Third District Sustains Fee Award Where Litigant Won Only $1,034 For a Temporary Taking.
Code of Civil Procedure section 1036 requires a mandatory award of reasonable costs, disbursements, and expenses (including reasonable attorney, appraisal, and engineering fees) actually incurred to a prevailing party in a trial or an appellate inverse condemnation proceeding. Even under section 1036, the trial court begins with the lodestar touchstone—an examination of the time spent and reasonable hourly compensation of each attorney. (Ketchum v. Moses, 24 Cal.4th 1122, 1131-1132, 1134-1135 (2001) [noting application of lodestar analysis in inverse condemnation cases].) The next case demonstrates that courts will not hesitate to award only a small portion of fees based on a litigant’s limited success in an inverse condemnation matter.
In Hauselt v. County of Butte, Case No. C056502 (3d Dist. Mar. 24, 2009) (unpublished), plaintiff only recovered on one temporary taking claim to the tune of $1.034, after the trial court primarily adjudged that the County was entitled to immunity for certain storm work. Plaintiff sought $414,103.49 in fees and costs pursuant to section 1036—based on payments to five attorneys and six different expert witnesses. The trial court found that plaintiff had prevailed, but only had limited success on an “afterthought” type of claim, awarding him $10,000 in fees, $10,000 in expert witness fees, and other costs and expenses adding up to $45,039.10.
Plaintiff did not convince the Third District, on appeal, that there had been any abuse of discretion by the trial court below.

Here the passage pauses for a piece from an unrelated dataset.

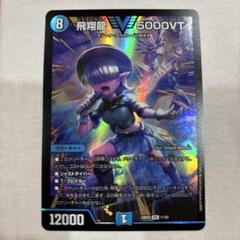 らくらくメルカリ便　即日発送　飛翔龍5000VT 4枚 デュエルマスターズ 飛翔龍5000VT 4枚セット - メルカリ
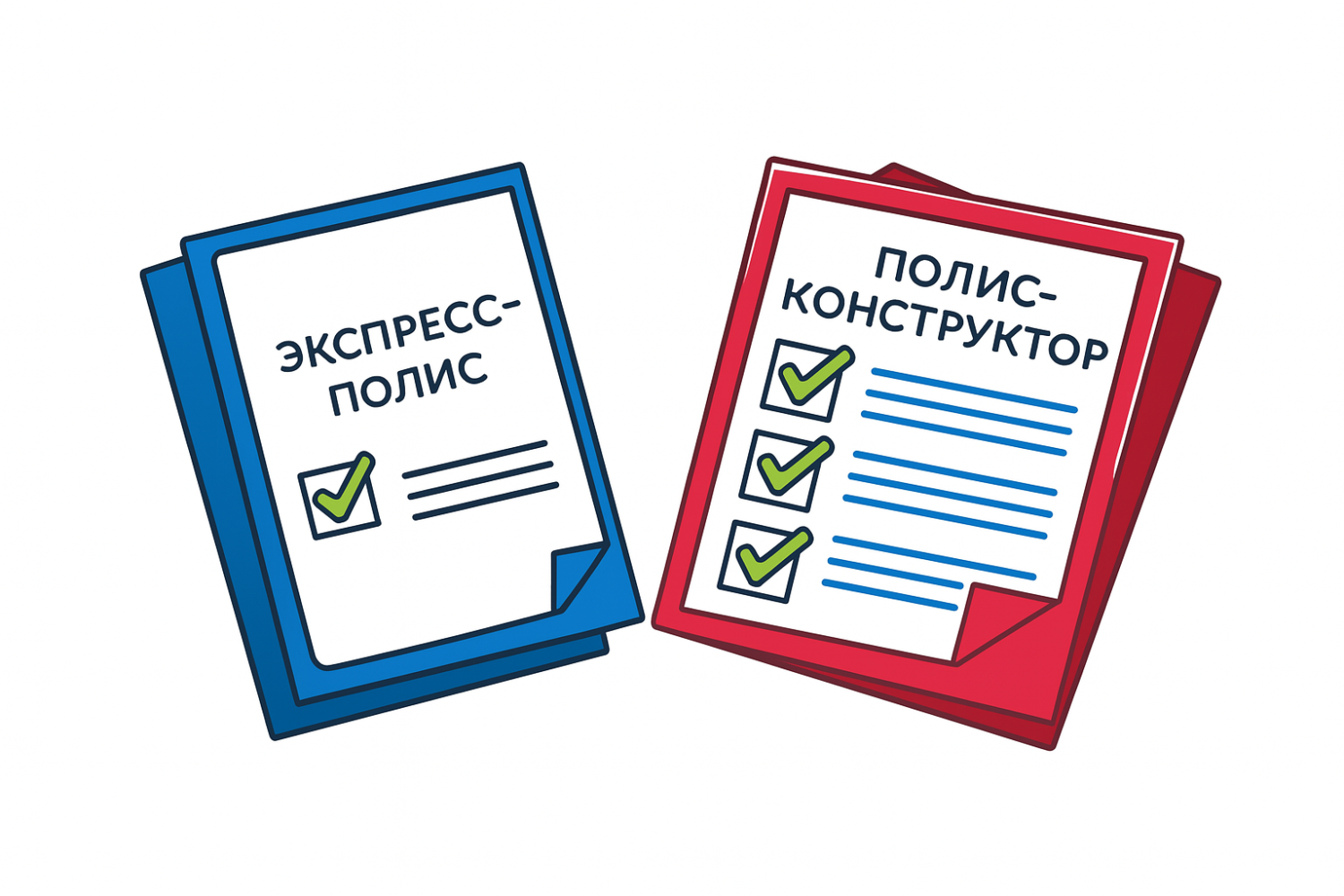 Широкий спектр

The primary reason is the appellate court’s agreement with the assessment of the lower court that plaintiff only had achieved limited success on a peripheral claim. Although arguing that all of the requested fees and costs were related to inextricably intertwined claims, the Court of Appeal disagreed, finding apportionment between successful and unsuccessful claims was in order and was sufficiently raised in an declaration by County’s counsel filed in support of a motion to tax costs. “Hauselt’s temporary claim was not based on the facts related to Hauselt’s broader permanent taking claim.” (Slip Opn., at p. 17, citing such decisions as Greater Westchester Homeowners Assn. v. City of Los Angeles, 26 Cal.3d 86, 103-104 (1979); City of Sacramento v. Drew, 207 Cal.App.3d 1287, 1303 (1989).)
The appellate court also affirmed the trial court’s refusal to reimburse certain travel expenses and most expert witness fees. However, for those of you confronting the decision in Ferrell v. County of San Diego, 90 Cal.App.4th 537, 543-544 (2001), there may be seeds of a suggestion in dicta in Hauselt (albeit unpublished) for a departure in thinking from the result reached in Ferrell. Ferrell concluded section 1036 does not allow a costs award broader than costs recoverable under Code of Civil Procedure section 1033.5. The Hauselt panel did cite to commentary suggesting Ferrell was wrongly decided (2 Matteoni & Veit, Condemnation Practice in California (Cont.Ed.Bar 3d ed. 2008) sec. 17.14, pp. 959-960) but refused to decide its correctness or whether a trial court also has discretion under section 1036 to award experts fees and other costs that are “reasonable” or “reasonably necessary” (also allowed under section 1033.5(c)(2)). Hauselt decided that the lower court determined that the travel and expert fees were not reasonable in nature, such that the determination below had to be affirmed. However, some ground was laid for practitioners to claim that Ferrell was wrongly decided.